Effect estimates from family history measures that used multiple family members were more accurate than those derived from measures based on a single relative. Neither family size nor age of family members defining family history were confounders in the case-control design.

Conclusion

The case-control and reconstructed cohort designs are equally valid in assessing familial aggregation of disease.

Key Words: Epidemiology, Family history, Computer simulation, Sensitivity, Specificity, Confounding

Introduction

The clustering of disease in close family members may be explained by sharing of either environmental or genetic factors or both. Familial clustering is often attributed to genetic factors when the risk of disease follows a pattern of biological relatedness within a family, or when environmental factors are not believed to be associated with disease. Familial aggregation studies estimate the increased risk of disease in relatives of affected probands, or the risk to an individual given his or her family history. In this context, the family history of disease may be considered a proxy risk factor for a putative susceptibility genotype. However, there is controversy about the validity of certain study designs for assessing familial aggregation, as well as debate about the best measure of family history to use in familial aggregation studies.

In case-control and cohort designs, one or more relatives affected with disease defines the exposure. The person(s) defining exposure may be limited to relatives in one biological relatedness category, e.g. first degree relatives. In the case-control design, the cases and controls are the outcomes, and the disease status in their relatives is the risk factor, a proxy for exposure. In the reconstructed cohort design, the disease status of precisely one relative – the case or control proband – defines family history [1]. Relatives of cases and controls are ‘reconstructed’ into exposed and unexposed cohorts among whom the outcome is examined. Effect estimates in the reconstructed cohort compare disease risk among exposed relatives (relatives of the case) to that among unexposed relatives (relatives of the control). The reconstructed cohort is believed to offer a more conservative (lower) estimate of risk compared to the case-control design.

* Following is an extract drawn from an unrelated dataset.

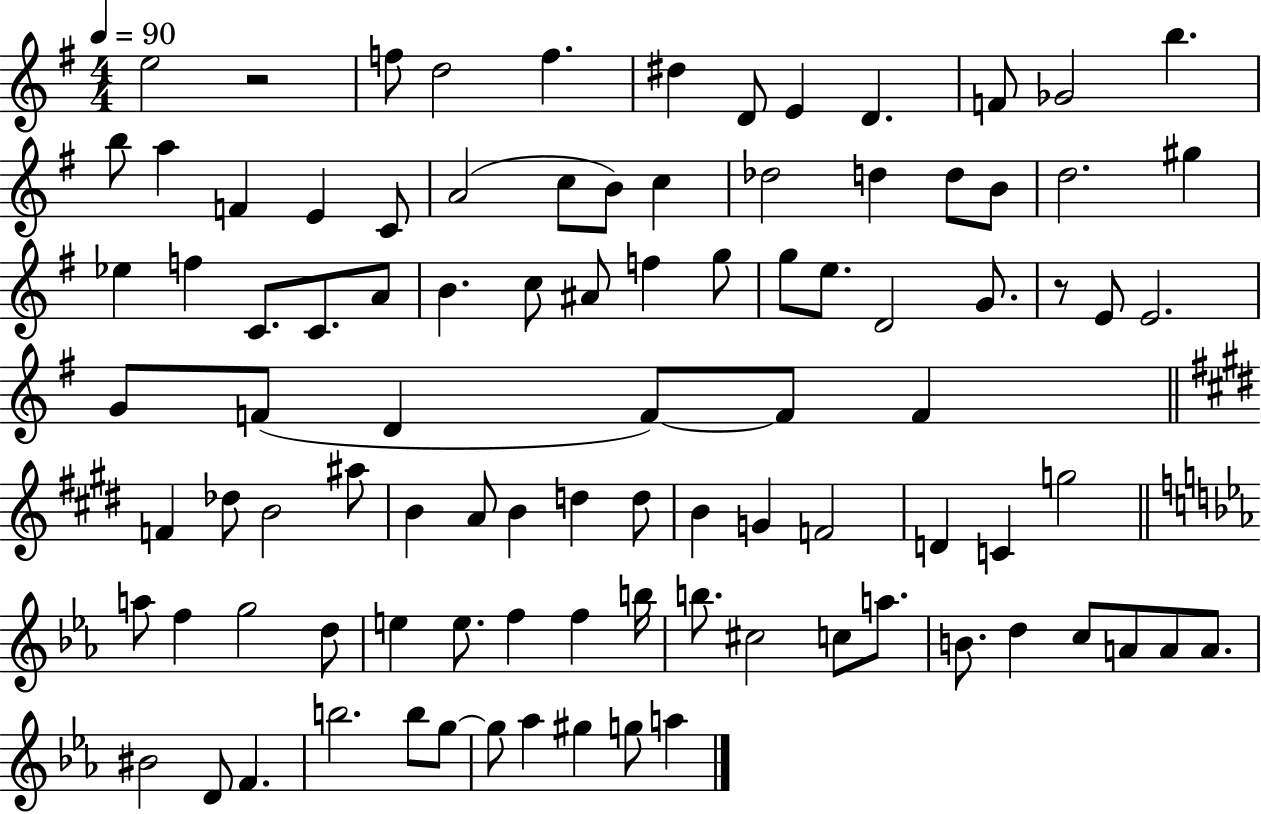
E5/h R/h F5/e D5/h F5/q. D#5/q D4/e E4/q D4/q. F4/e Gb4/h B5/q. B5/e A5/q F4/q E4/q C4/e A4/h C5/e B4/e C5/q Db5/h D5/q D5/e B4/e D5/h. G#5/q Eb5/q F5/q C4/e. C4/e. A4/e B4/q. C5/e A#4/e F5/q G5/e G5/e E5/e. D4/h G4/e. R/e E4/e E4/h. G4/e F4/e D4/q F4/e F4/e F4/q F4/q Db5/e B4/h A#5/e B4/q A4/e B4/q D5/q D5/e B4/q G4/q F4/h D4/q C4/q G5/h A5/e F5/q G5/h D5/e E5/q E5/e. F5/q F5/q B5/s B5/e. C#5/h C5/e A5/e. B4/e. D5/q C5/e A4/e A4/e A4/e. BIS4/h D4/e F4/q. B5/h. B5/e G5/e G5/e Ab5/q G#5/q G5/e A5/q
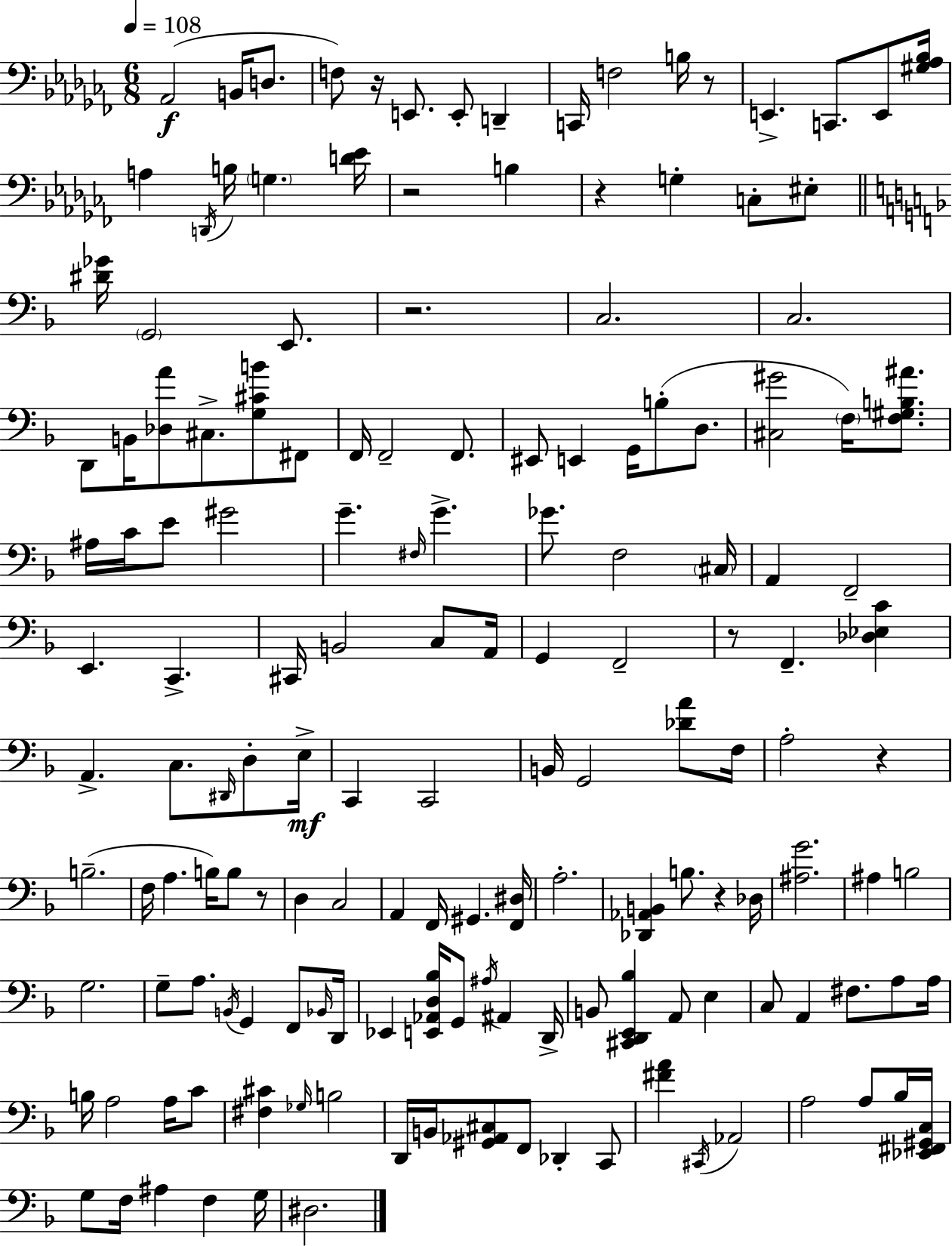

The case-control design is believed to yield a biased risk estimate [2], with age of relatives and family size being viewed as confounding variables in assessing the disease risk estimate. On the other hand, the reconstructed cohort design is thought to show no such biases. However, these sources of bias and confounding have never been explicitly demonstrated. The aim of this paper is to test if these biases actually exist and compare the performance of the case-control and reconstructed cohort designs. Using computer simulated data of a genetically influenced disease, we asked three questions in order to examine differences between estimates from the various designs. (1) Is the difference in effect estimates in the three study designs due to different family history measures or to the design itself? (2) Is the first degree family history a more sensitive measure of an underlying (genetic vs. non-genetic) cause than the one-relative measure used in the reconstructed cohort design? (3) Is family size a confounder of the association between family history and disease in the case-control design? The simulated populations were used as sampling frames to select cases, controls and relatives for the analyses described below.

Methods

Below, we describe the computer simulated individuals, families and disease parameters and the nine populations created as sampling frames for the study. From each population, we sampled three times, once for each study design (case-control, standard cohort, reconstructed cohort). We outline the analysis methods for the case-control, cohort and reconstructed cohort analyses. Lastly we explain how we measured sensitivity and specificity of the family history measure, and how we tested the hypothesis of confounding by family size.

Simulation

We used a thoroughly tested computer program to simulate families and diseases for genetic studies [3]. The program requires specification of allele frequencies, mode of inheritance, penetrance, frequency of a non-genetic or random form of disease (so-called sporadics or phenocopies) for which every individual had the same risk, family type (nuclear vs. multiple generations), family size distribution and the number of families. Populations of three-generation families were simulated with Hardy-Weinberg equilibrium, which implies: random mating in the population, a constant mutation rate, no selection for or against particular phenotypes, equally viable genotypes at loci, and no admixture [4]. Family size distributions in three-generation families were based on the given parameters and distributions from the US population [5]. Disease was defined as a dichotomous variable, not censored age-at-onset. Follow-up of subjects over time was unnecessary to determine disease incidence because all three generations were generated simultaneously.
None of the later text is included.